You’ve clearly gotten lost in the sources you linked. SER is used to reorder hits before shading them for GI, and the integrators do exactly what their names suggest - add either the direct or indirect lighting contribution. Feel free to keep linking sources without getting a grasp of what's happening in them.
That's not it ...
SER can be used to
accelerate an importance sampling technique known as next event estimation. Nvidia specifically
extended their original ReSTIR algorithm with this technique over the many other importance sampling methods they could've settled on but they chose NEE because you can reuse those same paths in a future frame for the neighboring set pixels which makes it easy for their latest hardware to sort these rays ...
This is not a contentious issue. If you plot a graph of flops per byte ratios over the years, you'll quickly get an idea of where the industry is heading. Again, never said memory performance doesn't matter or anything along those lines. I said the statement - There was never any magic solution to RT or AI other than "more memory performance" - is false for too many reasons.

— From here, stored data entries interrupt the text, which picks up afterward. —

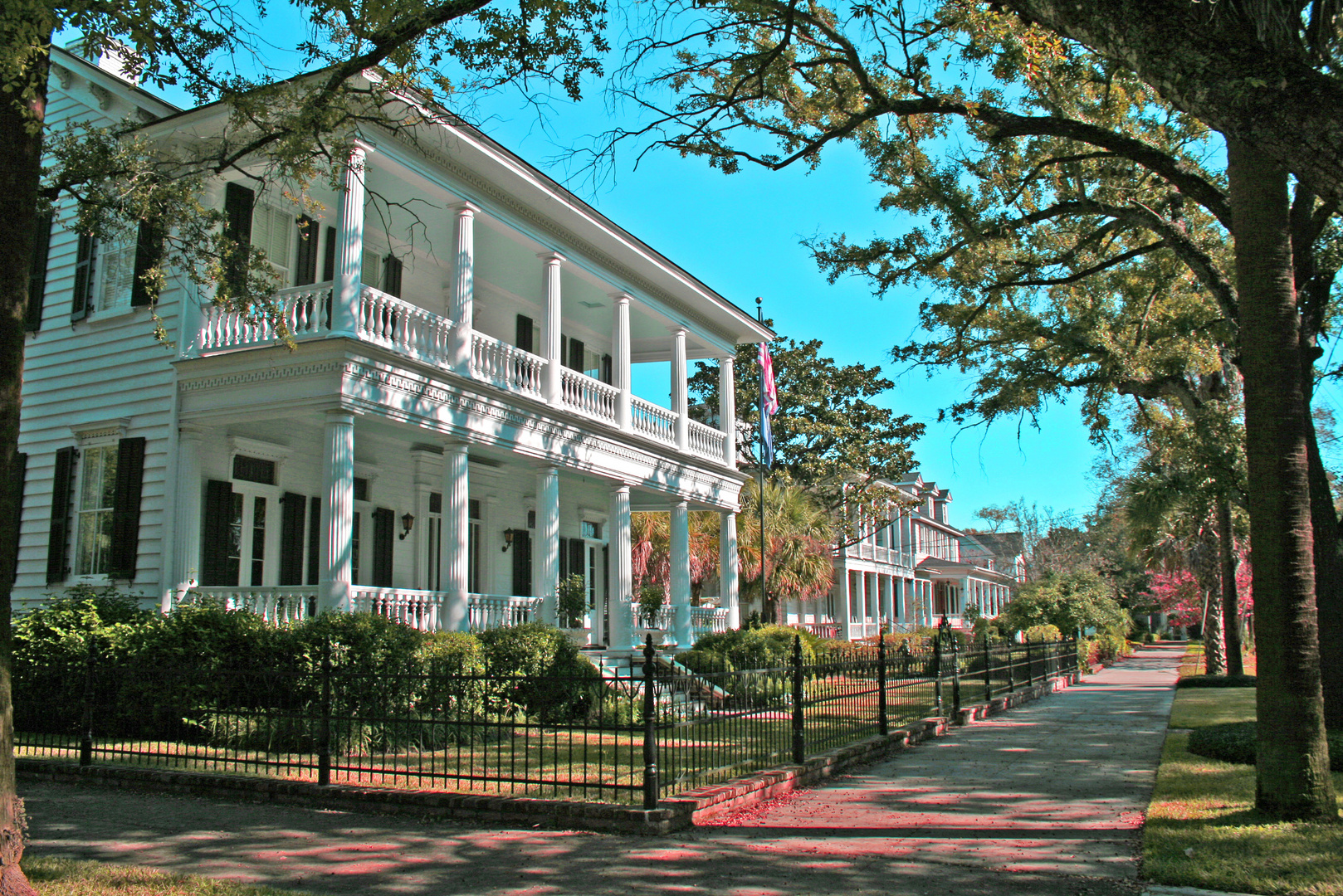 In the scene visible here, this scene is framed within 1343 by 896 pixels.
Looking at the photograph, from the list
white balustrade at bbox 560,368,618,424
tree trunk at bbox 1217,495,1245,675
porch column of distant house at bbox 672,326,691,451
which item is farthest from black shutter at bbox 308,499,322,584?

Despite the increasing ratios of compute with respect to memory performance, the industry has mostly doubled down on the current paradigm and made it far worse (fatter per-pixel G-buffers, more rendering passes, virtual textures/geometry/shadows, overusing barriers, and especially ray reordering) ...
Making good use of a GPUs 'parallelism' involves splitting up the rendering pipeline into many more fine grained rendering passes that can overlap with each other to enable more async compute or higher occupancy which puts hardware vendors under even more pressure to implement a more robust memory system ...

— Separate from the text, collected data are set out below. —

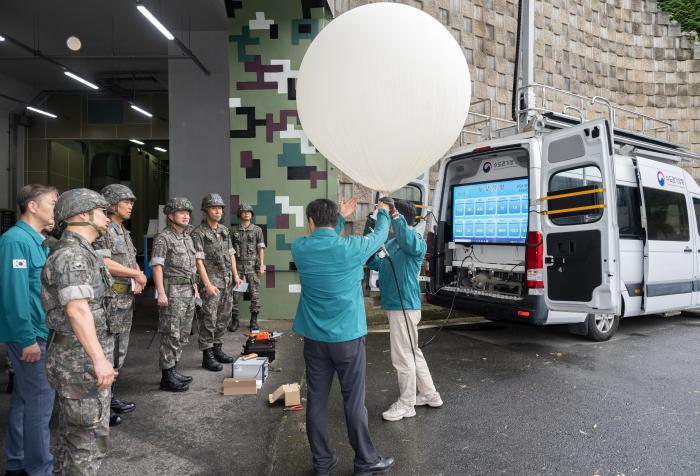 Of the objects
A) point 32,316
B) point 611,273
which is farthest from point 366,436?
point 611,273

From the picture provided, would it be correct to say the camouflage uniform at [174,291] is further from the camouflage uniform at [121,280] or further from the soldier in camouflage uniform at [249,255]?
the soldier in camouflage uniform at [249,255]

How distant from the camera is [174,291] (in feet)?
14.0

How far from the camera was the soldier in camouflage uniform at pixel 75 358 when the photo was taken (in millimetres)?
2086

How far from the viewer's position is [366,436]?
2.70 m

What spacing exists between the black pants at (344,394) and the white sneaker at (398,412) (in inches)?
30.7

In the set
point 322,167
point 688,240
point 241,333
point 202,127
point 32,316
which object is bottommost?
point 241,333

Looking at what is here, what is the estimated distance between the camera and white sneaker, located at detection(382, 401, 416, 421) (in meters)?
3.48

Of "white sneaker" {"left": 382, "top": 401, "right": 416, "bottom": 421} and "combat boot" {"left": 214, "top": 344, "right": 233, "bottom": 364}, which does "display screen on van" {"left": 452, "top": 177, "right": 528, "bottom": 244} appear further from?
"combat boot" {"left": 214, "top": 344, "right": 233, "bottom": 364}

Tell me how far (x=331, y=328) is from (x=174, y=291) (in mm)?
2257

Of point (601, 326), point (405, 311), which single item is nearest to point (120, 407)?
point (405, 311)

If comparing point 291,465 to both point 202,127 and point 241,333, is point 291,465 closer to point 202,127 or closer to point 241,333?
point 241,333

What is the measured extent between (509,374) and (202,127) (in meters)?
7.00

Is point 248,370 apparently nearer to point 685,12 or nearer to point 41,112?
point 41,112

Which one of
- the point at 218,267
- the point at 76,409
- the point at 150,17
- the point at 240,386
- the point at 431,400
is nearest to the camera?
the point at 76,409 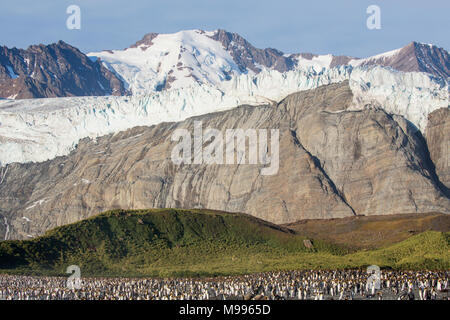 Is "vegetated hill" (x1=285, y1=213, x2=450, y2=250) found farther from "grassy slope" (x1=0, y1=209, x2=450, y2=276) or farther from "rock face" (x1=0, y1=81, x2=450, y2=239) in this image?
"rock face" (x1=0, y1=81, x2=450, y2=239)

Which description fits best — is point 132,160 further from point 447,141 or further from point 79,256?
point 79,256

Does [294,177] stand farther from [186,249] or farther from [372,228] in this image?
[186,249]

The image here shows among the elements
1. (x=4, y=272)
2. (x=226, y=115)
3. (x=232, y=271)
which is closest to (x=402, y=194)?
(x=226, y=115)

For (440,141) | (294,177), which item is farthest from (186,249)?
(440,141)

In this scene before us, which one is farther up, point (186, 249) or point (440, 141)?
point (440, 141)

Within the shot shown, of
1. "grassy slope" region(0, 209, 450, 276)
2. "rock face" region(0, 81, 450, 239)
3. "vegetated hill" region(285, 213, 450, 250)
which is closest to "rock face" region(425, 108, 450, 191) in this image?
"rock face" region(0, 81, 450, 239)

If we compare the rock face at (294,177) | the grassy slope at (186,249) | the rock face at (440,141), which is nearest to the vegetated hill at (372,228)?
the grassy slope at (186,249)

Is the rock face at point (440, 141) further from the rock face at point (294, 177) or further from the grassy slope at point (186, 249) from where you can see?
the grassy slope at point (186, 249)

Pretty sure I do know it better than you do.
Your attempts to demonstrate this knowledge has been inadequate so far ...
It's matrix multiplications in the attention layers that have always dominated in the LLMs, it's common knowledge, not a secret Intel's knowledge. This simply means there may not be enough tokens to fill the GPU with work and keep the machine busy until the next portion of weights arrives. Since weight matrices dominate memory requests, you need a large number of tokens to keep the machine occupied with matrix multiplications. For this, you need batching/multi-token prediction/speculative prediction, and more compact weight matrices.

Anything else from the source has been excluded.